Shen Fangyao, Dai Guojun, Lin Guang, Zhang Jianhai, Kong Wanzeng, Zeng Hong
School of Computer Science and Technology, Hangzhou Dianzi University, Hangzhou, China.
Key Laboratory of Brain Machine Collaborative Intelligence of Zhejiang Province, Hangzhou, China.
Cogn Neurodyn. 2020 Dec;14(6):815-828. doi: 10.1007/s11571-020-09634-1. Epub 2020 Sep 14.
In this paper, we present a novel method, called four-dimensional convolutional recurrent neural network, which integrating frequency, spatial and temporal information of multichannel EEG signals explicitly to improve EEG-based emotion recognition accuracy. First, to maintain these three kinds of information of EEG, we transform the differential entropy features from different channels into 4D structures to train the deep model. Then, we introduce CRNN model, which is combined by convolutional neural network (CNN) and recurrent neural network with long short term memory (LSTM) cell. CNN is used to learn frequency and spatial information from each temporal slice of 4D inputs, and LSTM is used to extract temporal dependence from CNN outputs. The output of the last node of LSTM performs classification. Our model achieves state-of-the-art performance both on SEED and DEAP datasets under intra-subject splitting. The experimental results demonstrate the effectiveness of integrating frequency, spatial and temporal information of EEG for emotion recognition.

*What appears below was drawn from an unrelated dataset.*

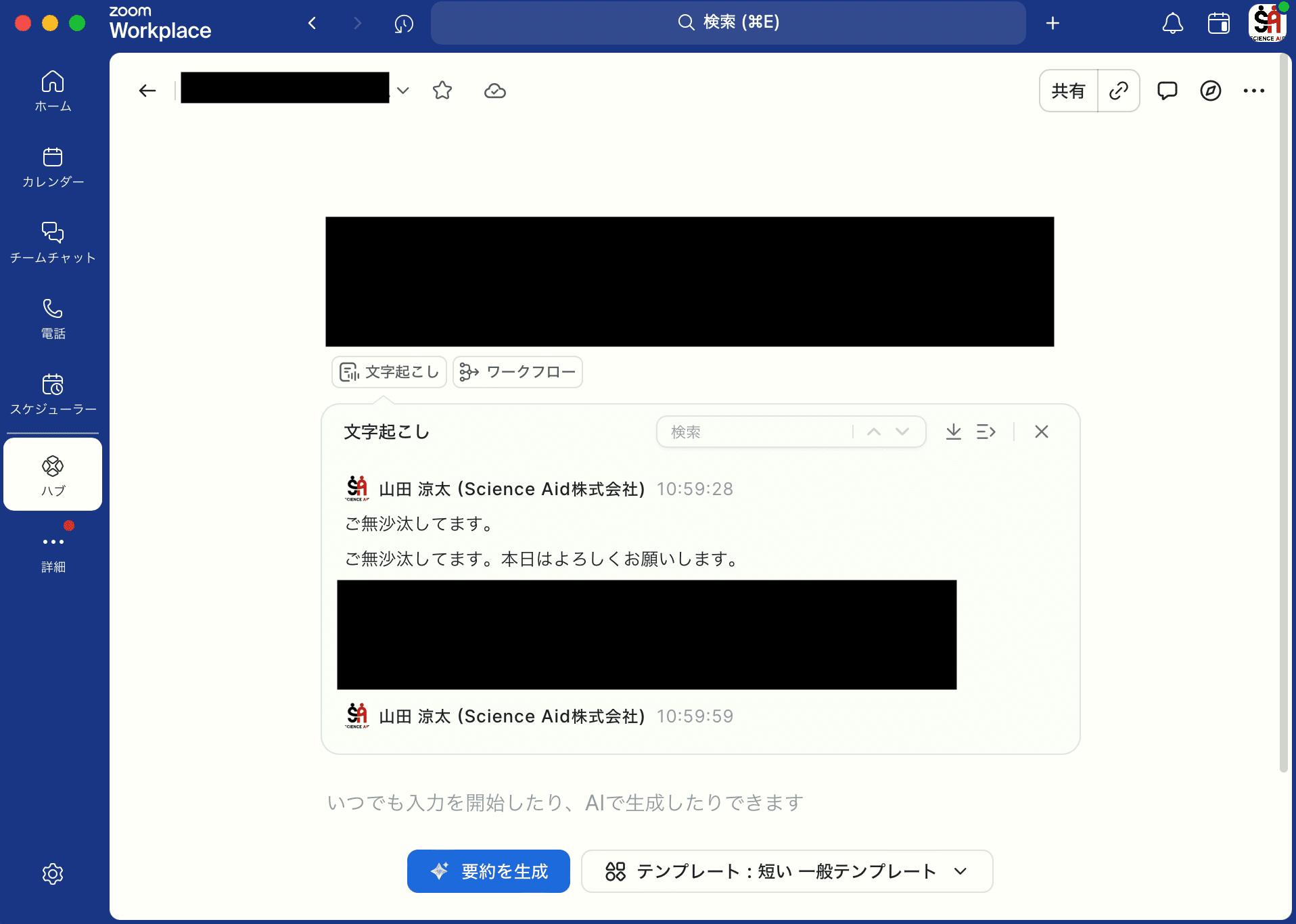 デスクトップアプリからダウンロードできる文字起こし（リアルタイム版）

在本文中,我们提出了一种名为四维卷积递归神经网络的新方法,该方法明确整合多通道脑电信号的频率、空间和时间信息,以提高基于脑电的情绪识别准确率。首先,为了保留脑电的这三种信息,我们将来自不同通道的微分熵特征转换为四维结构,以训练深度模型。然后,我们引入了由卷积神经网络(CNN)和带有长短期记忆(LSTM)单元的递归神经网络相结合的CRNN模型。CNN用于从四维输入的每个时间切片中学习频率和空间信息,而LSTM用于从CNN输出中提取时间依赖性。LSTM最后一个节点的输出进行分类。在受试者内部分割的情况下,我们的模型在SEED和DEAP数据集上均取得了领先的性能。实验结果证明了整合脑电的频率、空间和时间信息用于情绪识别的有效性。